Szczypta Kultury to blog, który założyłem w styczniu 2007 r. w związku z chęcią pisania i opisywania moich wrażeń i odczuć odnośnie wszelkich tworów szeroko pojętej kultury i sztuki. Od początku istnienia bloga podkreślam, że moje wpisy mają charakter dosyć subiektywny, acz dążę też by jak najobiektywniej oceniać tematy, nad którymi się pastwię. W miarę prowadzenia bloga, mój styl pisania rozwijał się, zdobywając grono czytelników. W kwietniu 2012 r. zdecydowałem się przenieść bloga na platformę Blogger. Wcześniejsza jego postać dostępna jest do wglądu pod adresem: http://szczyptakultury.blog.onet.pl/, gdzie również zapraszam.

Ciastka

wtorek, 1 kwietnia 2014

Sztuka na wtorek: "Nocne marki", Edward Hopper, 1942 r.

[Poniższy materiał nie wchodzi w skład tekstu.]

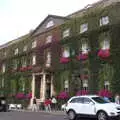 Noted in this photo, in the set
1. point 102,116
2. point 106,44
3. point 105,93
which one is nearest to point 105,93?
point 105,93

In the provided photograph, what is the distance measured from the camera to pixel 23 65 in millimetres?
59500

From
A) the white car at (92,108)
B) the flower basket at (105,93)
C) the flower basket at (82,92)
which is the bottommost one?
the white car at (92,108)

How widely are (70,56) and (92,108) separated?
64.7ft

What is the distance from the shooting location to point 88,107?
94.2 ft

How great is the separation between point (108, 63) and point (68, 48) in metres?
8.08

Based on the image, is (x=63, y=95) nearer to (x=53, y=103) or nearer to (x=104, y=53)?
(x=53, y=103)

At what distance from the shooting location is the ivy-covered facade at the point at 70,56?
137 ft

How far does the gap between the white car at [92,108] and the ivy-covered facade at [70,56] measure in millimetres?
10877

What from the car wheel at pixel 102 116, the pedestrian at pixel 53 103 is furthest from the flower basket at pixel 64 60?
the car wheel at pixel 102 116

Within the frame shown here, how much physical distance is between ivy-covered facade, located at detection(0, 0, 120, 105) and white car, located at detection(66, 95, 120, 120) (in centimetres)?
1088

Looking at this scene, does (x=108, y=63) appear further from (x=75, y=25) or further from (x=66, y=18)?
(x=66, y=18)

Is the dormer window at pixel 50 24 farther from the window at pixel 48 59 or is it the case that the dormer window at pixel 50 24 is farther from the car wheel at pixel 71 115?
the car wheel at pixel 71 115

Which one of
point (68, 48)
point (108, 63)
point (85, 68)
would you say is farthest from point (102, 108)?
point (68, 48)

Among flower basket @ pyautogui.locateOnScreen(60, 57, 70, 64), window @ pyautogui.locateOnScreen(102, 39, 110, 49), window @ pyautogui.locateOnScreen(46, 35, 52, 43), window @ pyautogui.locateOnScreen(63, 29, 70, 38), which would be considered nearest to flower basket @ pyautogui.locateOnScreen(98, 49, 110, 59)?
window @ pyautogui.locateOnScreen(102, 39, 110, 49) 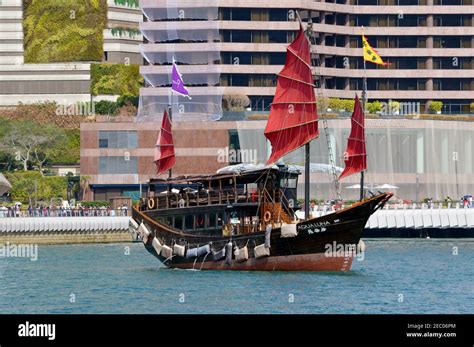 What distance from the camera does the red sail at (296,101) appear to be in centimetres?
Result: 7306

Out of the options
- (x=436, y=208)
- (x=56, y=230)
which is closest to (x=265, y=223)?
(x=56, y=230)

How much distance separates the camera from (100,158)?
12800 cm

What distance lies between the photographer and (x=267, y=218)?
68.4 metres

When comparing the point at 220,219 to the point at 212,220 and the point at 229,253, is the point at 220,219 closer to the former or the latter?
the point at 212,220

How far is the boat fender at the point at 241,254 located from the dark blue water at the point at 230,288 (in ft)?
4.23

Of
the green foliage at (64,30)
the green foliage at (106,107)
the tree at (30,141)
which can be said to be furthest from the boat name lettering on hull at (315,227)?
the green foliage at (64,30)

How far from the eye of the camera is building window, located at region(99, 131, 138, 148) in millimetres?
127312

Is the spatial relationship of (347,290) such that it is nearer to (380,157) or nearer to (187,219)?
(187,219)

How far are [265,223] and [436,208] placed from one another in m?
42.8

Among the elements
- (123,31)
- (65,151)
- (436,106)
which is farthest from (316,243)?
(123,31)

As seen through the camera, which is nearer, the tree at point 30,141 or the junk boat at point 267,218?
the junk boat at point 267,218

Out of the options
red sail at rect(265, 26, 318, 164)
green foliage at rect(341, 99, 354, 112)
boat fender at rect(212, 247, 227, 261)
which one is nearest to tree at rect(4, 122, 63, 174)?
green foliage at rect(341, 99, 354, 112)

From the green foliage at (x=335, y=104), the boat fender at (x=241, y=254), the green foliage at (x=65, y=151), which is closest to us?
the boat fender at (x=241, y=254)

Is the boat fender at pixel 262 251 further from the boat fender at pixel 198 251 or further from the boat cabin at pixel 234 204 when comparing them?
the boat fender at pixel 198 251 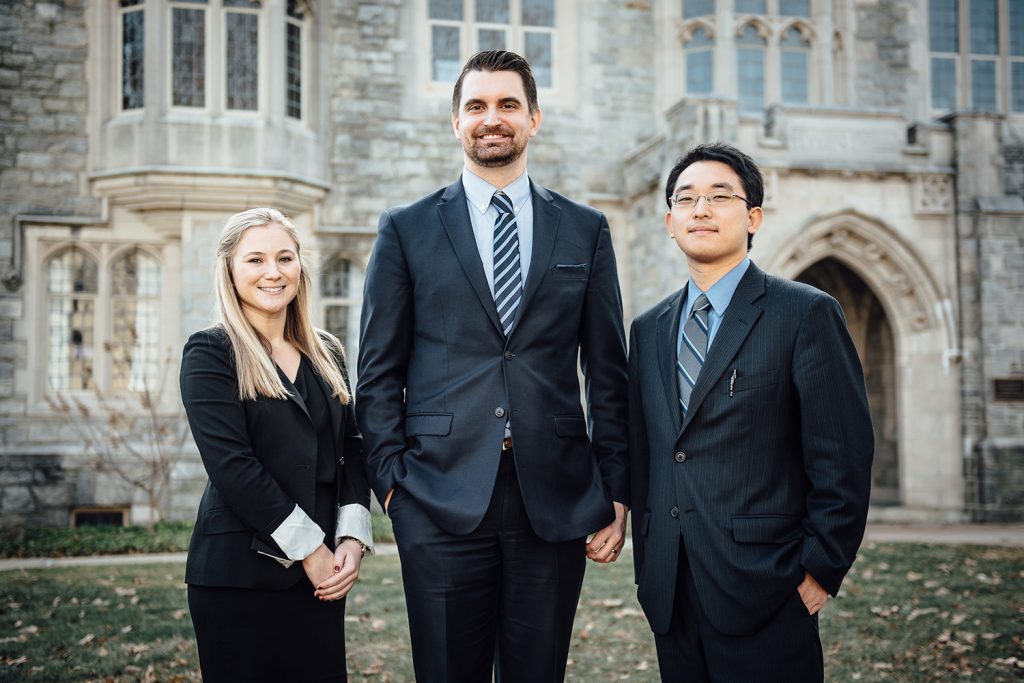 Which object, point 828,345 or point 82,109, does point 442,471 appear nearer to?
point 828,345

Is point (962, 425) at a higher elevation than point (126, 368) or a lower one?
lower

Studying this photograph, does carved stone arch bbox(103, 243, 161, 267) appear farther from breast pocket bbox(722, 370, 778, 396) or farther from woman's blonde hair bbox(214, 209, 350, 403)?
breast pocket bbox(722, 370, 778, 396)

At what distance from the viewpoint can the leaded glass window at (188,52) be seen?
33.0 feet

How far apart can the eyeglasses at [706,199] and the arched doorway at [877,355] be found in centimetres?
1030

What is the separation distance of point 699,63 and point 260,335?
10175 millimetres

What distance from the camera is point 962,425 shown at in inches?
406

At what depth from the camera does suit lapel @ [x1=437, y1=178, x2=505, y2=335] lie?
2613mm

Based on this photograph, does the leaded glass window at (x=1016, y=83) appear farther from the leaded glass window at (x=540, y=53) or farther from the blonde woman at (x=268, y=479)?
the blonde woman at (x=268, y=479)

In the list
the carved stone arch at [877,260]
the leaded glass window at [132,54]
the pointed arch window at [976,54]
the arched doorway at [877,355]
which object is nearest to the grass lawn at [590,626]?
the carved stone arch at [877,260]

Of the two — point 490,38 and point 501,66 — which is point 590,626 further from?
point 490,38

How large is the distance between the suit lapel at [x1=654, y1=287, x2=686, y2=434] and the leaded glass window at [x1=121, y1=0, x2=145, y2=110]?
30.8 feet

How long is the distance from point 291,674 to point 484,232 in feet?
4.86

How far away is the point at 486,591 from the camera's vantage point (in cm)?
254

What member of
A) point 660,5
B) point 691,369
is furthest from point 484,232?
point 660,5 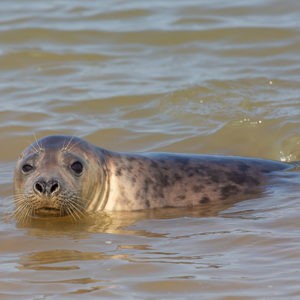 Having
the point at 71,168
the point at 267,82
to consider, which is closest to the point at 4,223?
the point at 71,168

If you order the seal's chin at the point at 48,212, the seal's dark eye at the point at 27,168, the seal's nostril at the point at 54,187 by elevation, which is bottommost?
the seal's chin at the point at 48,212

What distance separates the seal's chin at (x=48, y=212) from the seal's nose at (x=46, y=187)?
0.14 meters

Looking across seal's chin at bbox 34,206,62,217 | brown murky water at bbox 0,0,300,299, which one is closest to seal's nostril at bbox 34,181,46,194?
seal's chin at bbox 34,206,62,217

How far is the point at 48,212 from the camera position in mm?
6621

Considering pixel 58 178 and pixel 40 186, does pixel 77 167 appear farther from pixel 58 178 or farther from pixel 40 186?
pixel 40 186

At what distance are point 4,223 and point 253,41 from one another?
597 cm

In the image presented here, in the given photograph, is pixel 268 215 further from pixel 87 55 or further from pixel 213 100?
pixel 87 55

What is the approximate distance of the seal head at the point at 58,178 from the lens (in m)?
6.50

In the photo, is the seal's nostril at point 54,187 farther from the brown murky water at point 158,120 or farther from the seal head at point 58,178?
the brown murky water at point 158,120

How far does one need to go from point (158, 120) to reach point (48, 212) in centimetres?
315

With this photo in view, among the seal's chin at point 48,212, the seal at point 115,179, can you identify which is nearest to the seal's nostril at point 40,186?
the seal at point 115,179

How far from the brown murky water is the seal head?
0.14m

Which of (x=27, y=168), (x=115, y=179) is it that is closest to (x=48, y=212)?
(x=27, y=168)

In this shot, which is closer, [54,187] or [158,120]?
[54,187] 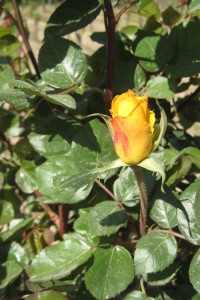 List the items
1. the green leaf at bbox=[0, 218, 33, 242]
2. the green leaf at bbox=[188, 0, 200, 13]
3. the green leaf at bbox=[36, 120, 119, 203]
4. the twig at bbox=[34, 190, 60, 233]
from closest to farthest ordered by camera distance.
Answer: the green leaf at bbox=[188, 0, 200, 13] → the green leaf at bbox=[36, 120, 119, 203] → the green leaf at bbox=[0, 218, 33, 242] → the twig at bbox=[34, 190, 60, 233]

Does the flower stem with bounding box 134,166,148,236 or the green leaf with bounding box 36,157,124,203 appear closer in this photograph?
the flower stem with bounding box 134,166,148,236

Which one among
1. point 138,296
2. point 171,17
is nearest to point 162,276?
point 138,296

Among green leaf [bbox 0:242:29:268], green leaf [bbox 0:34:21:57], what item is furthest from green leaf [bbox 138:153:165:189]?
green leaf [bbox 0:34:21:57]

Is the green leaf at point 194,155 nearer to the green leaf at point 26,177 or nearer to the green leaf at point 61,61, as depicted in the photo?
the green leaf at point 61,61

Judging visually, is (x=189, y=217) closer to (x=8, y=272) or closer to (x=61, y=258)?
(x=61, y=258)

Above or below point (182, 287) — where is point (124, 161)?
above

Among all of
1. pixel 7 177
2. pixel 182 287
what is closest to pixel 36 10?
pixel 7 177

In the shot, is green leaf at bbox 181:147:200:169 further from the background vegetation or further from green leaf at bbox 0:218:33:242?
green leaf at bbox 0:218:33:242

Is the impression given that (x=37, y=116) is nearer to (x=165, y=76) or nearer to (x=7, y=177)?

W zeszłym tygodniu wystartowałem z cyklem "Sztuka na wtorek" i pisałem o "Kochankach" Magritte`a, który jest jednym z moich ulubionych obrazów. Nie miałem wtedy pomysłu odnośnie kolejnego dzieła, które będę chciał przedstawić. Z początku myślałem by znalazł się tu jakiś obraz Gigera. Konieczność odnoszenia się do motywów fallicznych niewątpliwie dałaby sporą liczbę wyświetleń. Zdecydowałem się jednak napisać o innym dziele, które jest cholernie fascynujące i po stokroć "reinterpretowane" w popkulturze i w tzw. internetach (Nighthawks Forever - polecam). Mam tu na myśli "Nocne marki" (lub "Nocne jastrzębie", ang. "Nighthawks"), który to obraz popełnił Edward Hopper.
Edward Hopper "Nocne marki" (ang. "Nighthawks"), olej na płótnie, 84,1 x 152,4 cm
Na obrazie widzimy typową amerykańską restaurację, czy też knajpę nocną i cztery osoby w niej siedzące. Wliczając barmana. Miejsce oraz ludzie znajdują się po prawej stronie całego kadru. Lokal jest oświetlony, a ciemność poza nim oraz pustka na ulicach jasno dają do zrozumienia, że pora jest już dosyć późna. Tytuł obrazu wszak jasno wskazuje z kim mamy do czynienia. Lub też z jakim zjawiskiem. Myślę, że większość z nas ma problemy ze snem, zwłaszcza weekendową porą. Przesiadujemy w lokalach otwartych do późna. Z ludźmi, z którymi właśnie łączy nas ten pewien rodzaj samotności. Może poznamy kogoś, z kim spędzimy resztę nocy. Ale i tak za kilka dni wrócimy do tego lokalu. Lub innego. Bo jak widać na obrazie: nie ma drzwi wejściowych (i wyjściowych zarazem)
Edward Hopper w swoim malarstwie przedstawiał obraz amerykańskiej metropolii. Biura, sklepy, hotele przewijały się przez jego płótna, a wśród nich ludzie: zazwyczaj anonimowi dla siebie nawzajem i jakby nieobecni. Cały ten ekosystem był jednak zaskakująco pogodzony ze swym losem i wyrażał milczące przyzwolenie. Tak jak ci ludzie w lokalu.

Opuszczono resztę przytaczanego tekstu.